[Captioned web image data]
⟨

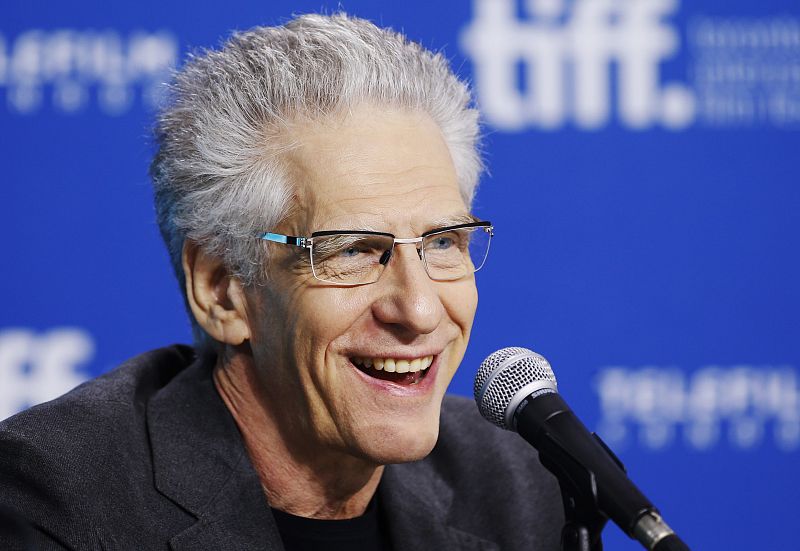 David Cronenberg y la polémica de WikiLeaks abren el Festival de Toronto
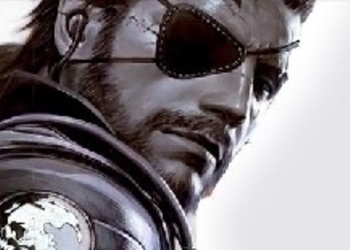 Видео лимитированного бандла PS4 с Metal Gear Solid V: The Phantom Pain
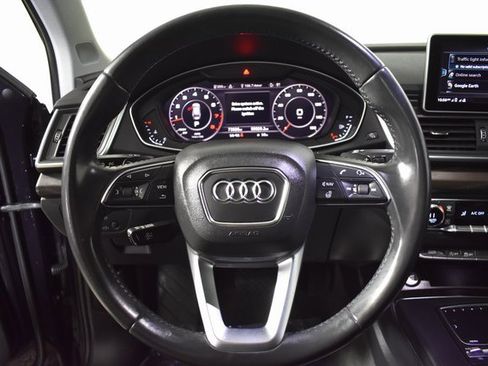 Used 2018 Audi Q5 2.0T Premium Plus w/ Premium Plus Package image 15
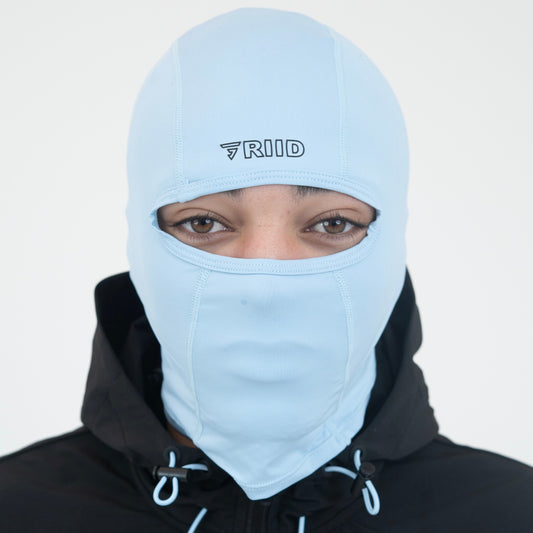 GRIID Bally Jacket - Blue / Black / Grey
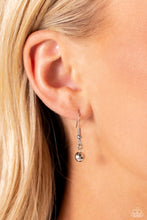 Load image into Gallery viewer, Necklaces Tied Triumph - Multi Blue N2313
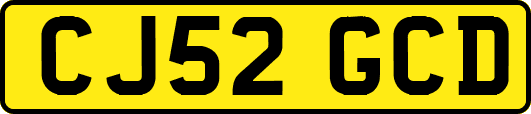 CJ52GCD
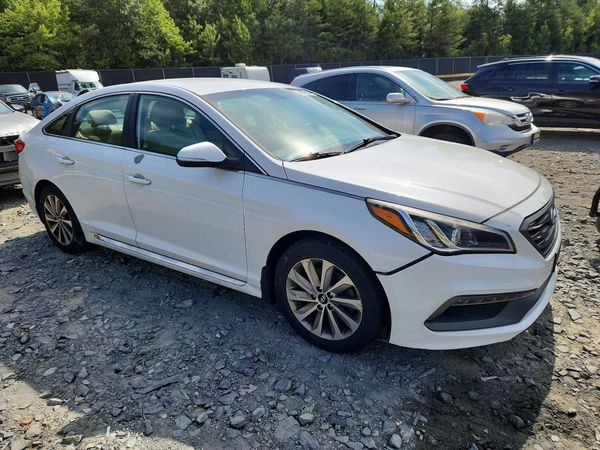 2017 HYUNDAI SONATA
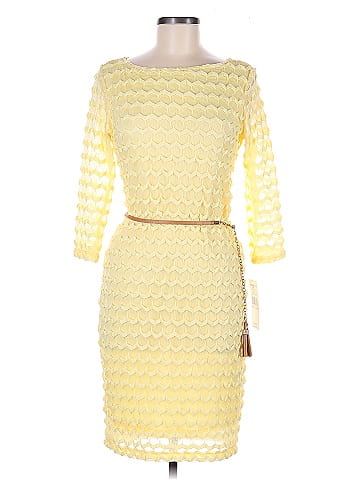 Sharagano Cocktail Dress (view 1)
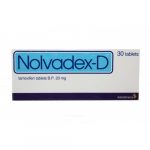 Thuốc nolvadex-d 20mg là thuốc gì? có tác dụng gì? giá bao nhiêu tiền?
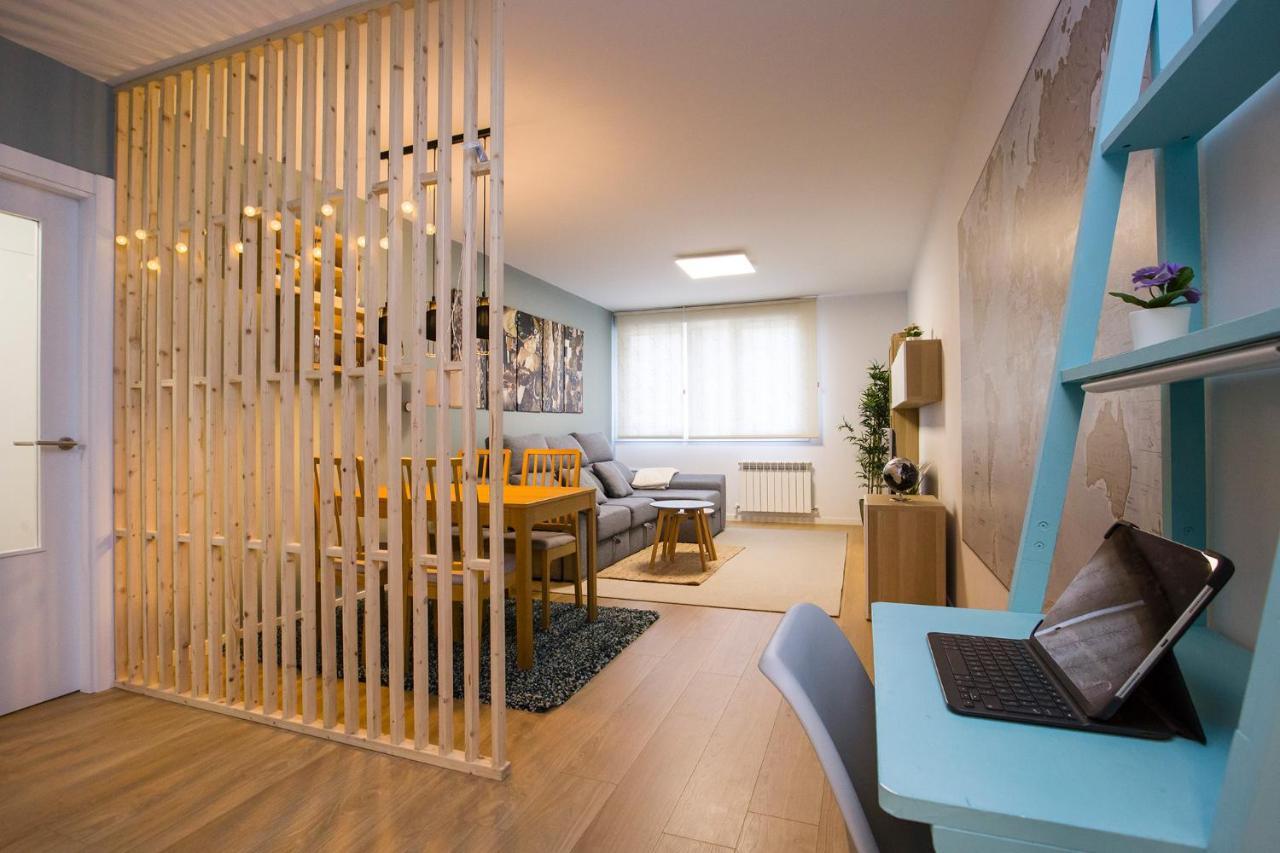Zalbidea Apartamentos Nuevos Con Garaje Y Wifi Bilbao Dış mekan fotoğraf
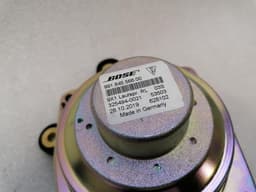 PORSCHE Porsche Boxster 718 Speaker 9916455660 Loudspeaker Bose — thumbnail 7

⟩

About this exercise:
Pictures stay out, and every line of the records is transcribed exactly.

Answer area:
 David Cronenberg y la polémica de WikiLeaks abren el Festival de Toronto
 Видео лимитированного бандла PS4 с Metal Gear Solid V: The Phantom Pain
 Used 2018 Audi Q5 2.0T Premium Plus w/ Premium Plus Package image 15
 GRIID Bally Jacket - Blue / Black / Grey
 Load image into Gallery viewer, Necklaces Tied Triumph - Multi Blue N2313
 CJ52GCD
 2017 HYUNDAI SONATA
 Sharagano Cocktail Dress (view 1)
 Thuốc nolvadex-d 20mg là thuốc gì? có tác dụng gì? giá bao nhiêu tiền?
Zalbidea Apartamentos Nuevos Con Garaje Y Wifi Bilbao Dış mekan fotoğraf
 PORSCHE Porsche Boxster 718 Speaker 9916455660 Loudspeaker Bose — thumbnail 7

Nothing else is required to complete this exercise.